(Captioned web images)
##########

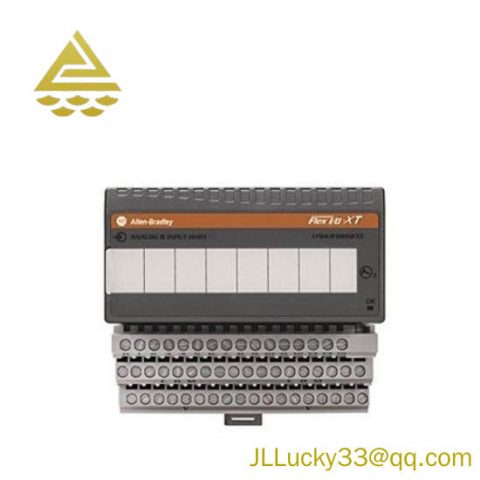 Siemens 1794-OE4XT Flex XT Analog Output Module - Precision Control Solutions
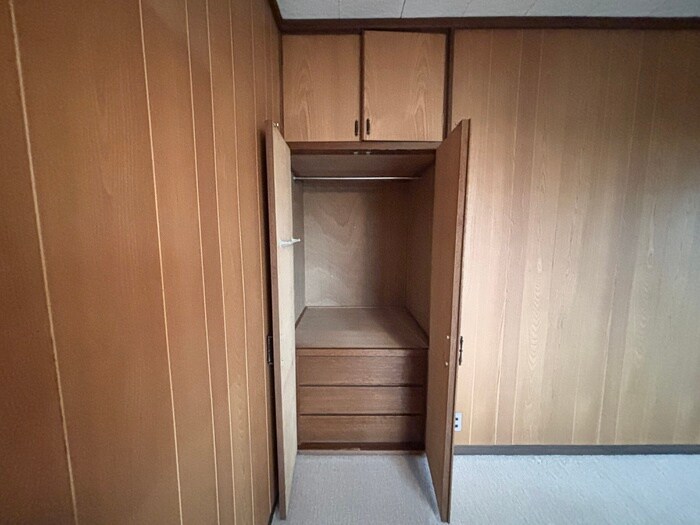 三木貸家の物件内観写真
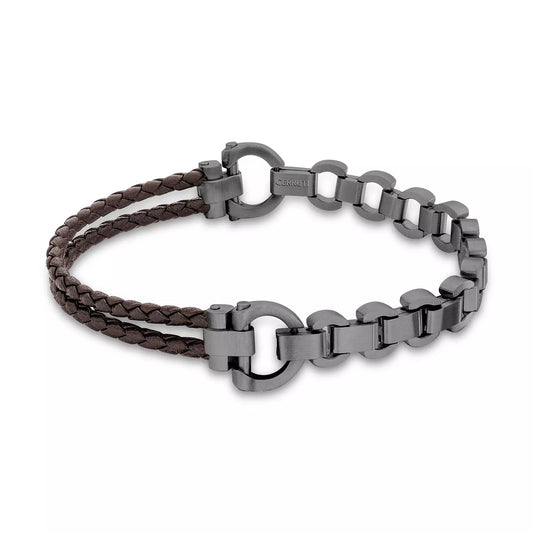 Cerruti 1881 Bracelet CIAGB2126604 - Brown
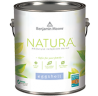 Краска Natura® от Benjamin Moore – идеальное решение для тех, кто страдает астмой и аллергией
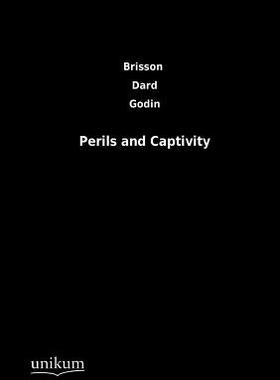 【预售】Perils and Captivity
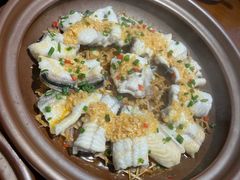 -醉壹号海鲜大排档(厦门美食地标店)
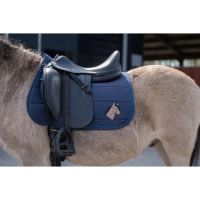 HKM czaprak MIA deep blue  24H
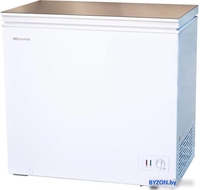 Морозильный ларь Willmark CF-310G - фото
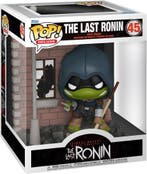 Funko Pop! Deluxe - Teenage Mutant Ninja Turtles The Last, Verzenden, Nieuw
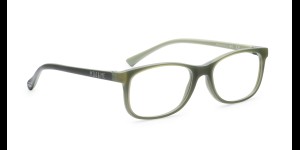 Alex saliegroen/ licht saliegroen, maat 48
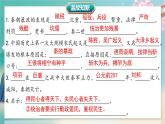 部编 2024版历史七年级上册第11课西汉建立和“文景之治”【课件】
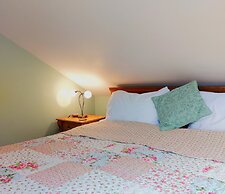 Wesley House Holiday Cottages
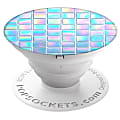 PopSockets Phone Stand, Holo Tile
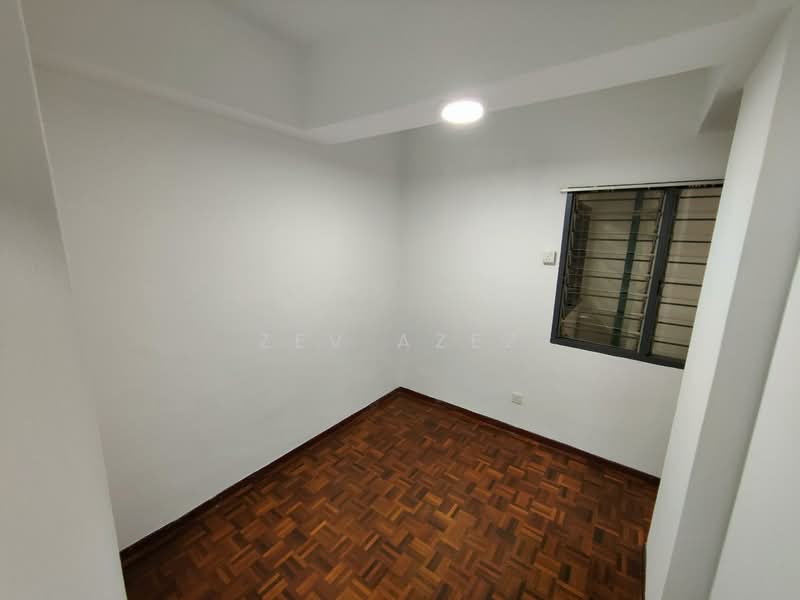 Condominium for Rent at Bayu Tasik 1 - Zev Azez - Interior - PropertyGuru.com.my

##########

=== TASK ===
Say again, exactly, only those lines of the records that run from the start through the line with "Alex saliegroen/ licht saliegroen, maat 48". Pictures are to be skipped.

=== TASK OUTPUT ===
 Siemens 1794-OE4XT Flex XT Analog Output Module - Precision Control Solutions
 三木貸家の物件内観写真
 Cerruti 1881 Bracelet CIAGB2126604 - Brown
 Краска Natura® от Benjamin Moore – идеальное решение для тех, кто страдает астмой и аллергией
 【预售】Perils and Captivity
 -醉壹号海鲜大排档(厦门美食地标店)
 HKM czaprak MIA deep blue  24H
 Морозильный ларь Willmark CF-310G - фото
 Funko Pop! Deluxe - Teenage Mutant Ninja Turtles The Last, Verzenden, Nieuw
 Alex saliegroen/ licht saliegroen, maat 48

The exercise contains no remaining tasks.